À quelques pas de nous, sur la rive, un groupe d’Indiens en habits de fête, la figure barbouillée de rouge, de jaune et de blanc, immobiles comme des statues, appuyés sur leurs fusils, nous examinent d’un air sombre et inquiet. Sans doute, ils se demandent ce que renferme cet immense bateau de feu, qui, l’année précédente, leur apportait le choléra, et s’il n’est pas cette fois-ci porteur d’un fléau plus terrible encore.

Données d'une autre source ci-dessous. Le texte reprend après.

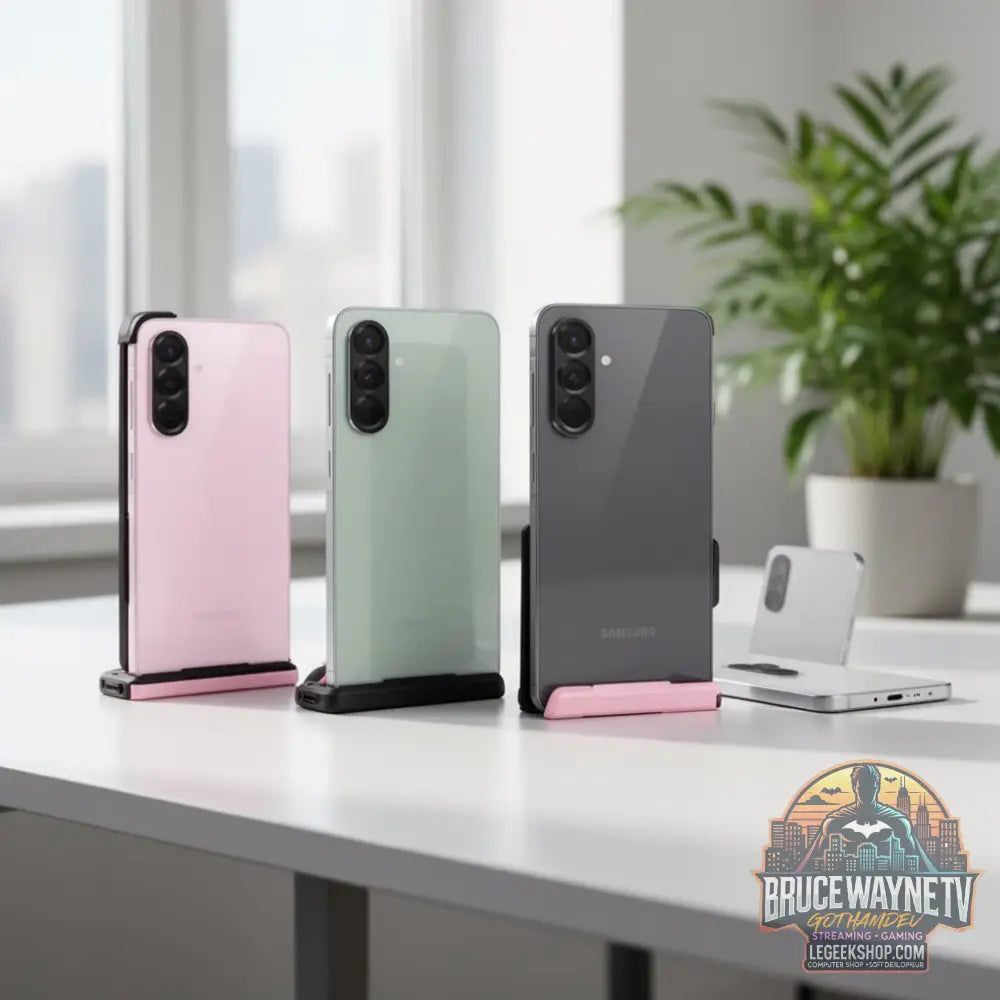 Smartphone Samsung Galaxy A56 — produit geek, vue 4, LeGeekShop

À peine avons-nous touché terre, qu’une cinquantaine de jeunes guerriers et de femmes envahissent le pont, pénètrent dans le salon, dans les cuisines, partout enfin, examinant, touchant et goûtant tout, et malgré les remontrances de nos cuisiniers nègres, une immense marmite remplie de bouillie de mais est vidée en un instant. Le reste des provisions aurait sans doute eu le même sort, si un des chefs n’était arrivé à temps pour disperser à coups de fouet cette bande de loups affamés.

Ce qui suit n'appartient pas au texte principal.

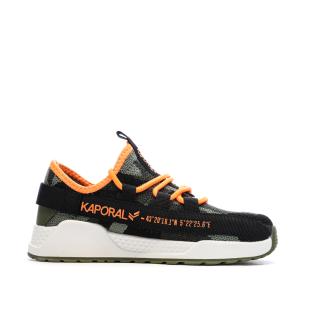 Baskets Kaki/Noir Garçon Kaporal Dofini vue 0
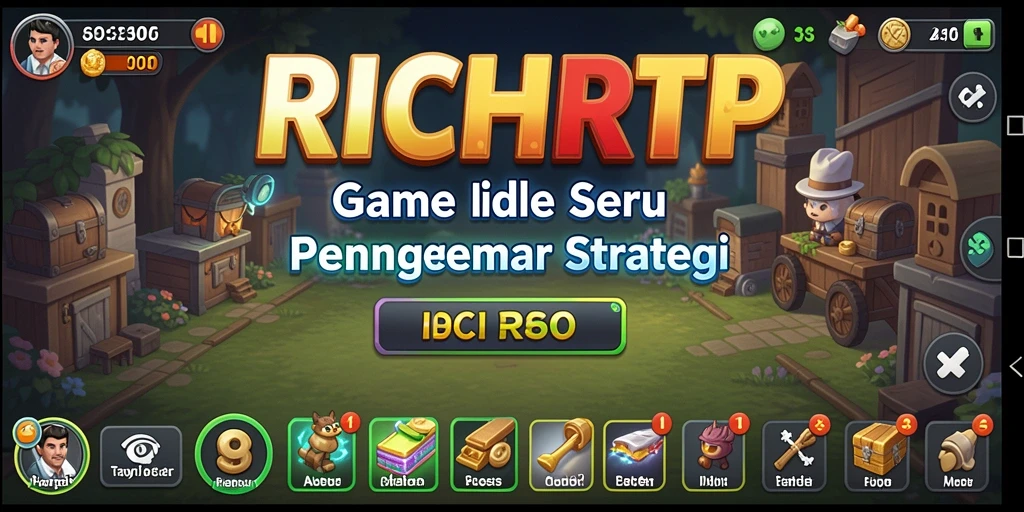 Tampilan gameplay RICHRTP yang menarik dan penuh warna.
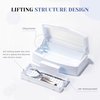 SULLMAR Nail Tool Sterilizers Nail Soaking Tray Box Cleaner Pot for Eyelash Scissors Tweezers Nail Art Tools Manicure Lash Soaking Tray Clean Box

L’ordre est bientôt rétabli, et une dizaine de sauvages bien armés et uniformément habillés par la Compagnie, remplissent d’un air grave et digne le rôle de gendarmes et d’officiers de police.

Îles flottantes du Missouri.

Le fort Pierre est un immense carré, formé de quatre murailles en palissades d’une hauteur de cinq mètres et d’une longueur de deux cents ; il est défendu au nord, à l’est et au sud-est par trois bastions armés de canons.

Les bâtiments de la Compagnie sont construits parallèlement aux palissades ; ce sont les habitations des employés, directeurs, commis, interprètes, puis d’immenses magasins remplis de provisions, de marchandises et de fourrures, une forge où l’on fabrique des haches, des casse-tête et des couteaux pour les Indiens, des ateliers de menuiserie, ferblanterie, enfin des écuries et étables, et une poudrière.

Le gouverneur du fort nous reçoit de la manière la plus gracieuse, et nous fait préparer par une de ses femmes un excellent déjeuner, où figurent des langues de bison, du pemmican[2], et d’excellent pain de maïs.

Établi depuis nombreuses années dans le territoire sioux, il a adopté certains usages indiens et entre autres la polygamie, non pas, nous dit-il, dans un but condamnable, mais simplement par politique et pour les intérêts de son commerce. Entouré de sept femmes appartenant à sept tribus différentes de la nation dakotah, il a ainsi l’avantage d’être assuré du dévouement d’une armée de beaux-frères, d’oncles et de cousins, ce qui lui donne une grande influence et facilite ses rapports avec les Indiens. Nous reproduisons cette excuse pour ce qu’elle vaut.

Voulant célébrer l’arrivée du steamboat, le gouverneur donna un grand festin suivi d’un bal. Le premier consistait en une bouteille de whiskey, une livre de farine et un peu de graisse de bison pour chacun des convives, composés de voyageurs, chasseurs, coureurs, etc.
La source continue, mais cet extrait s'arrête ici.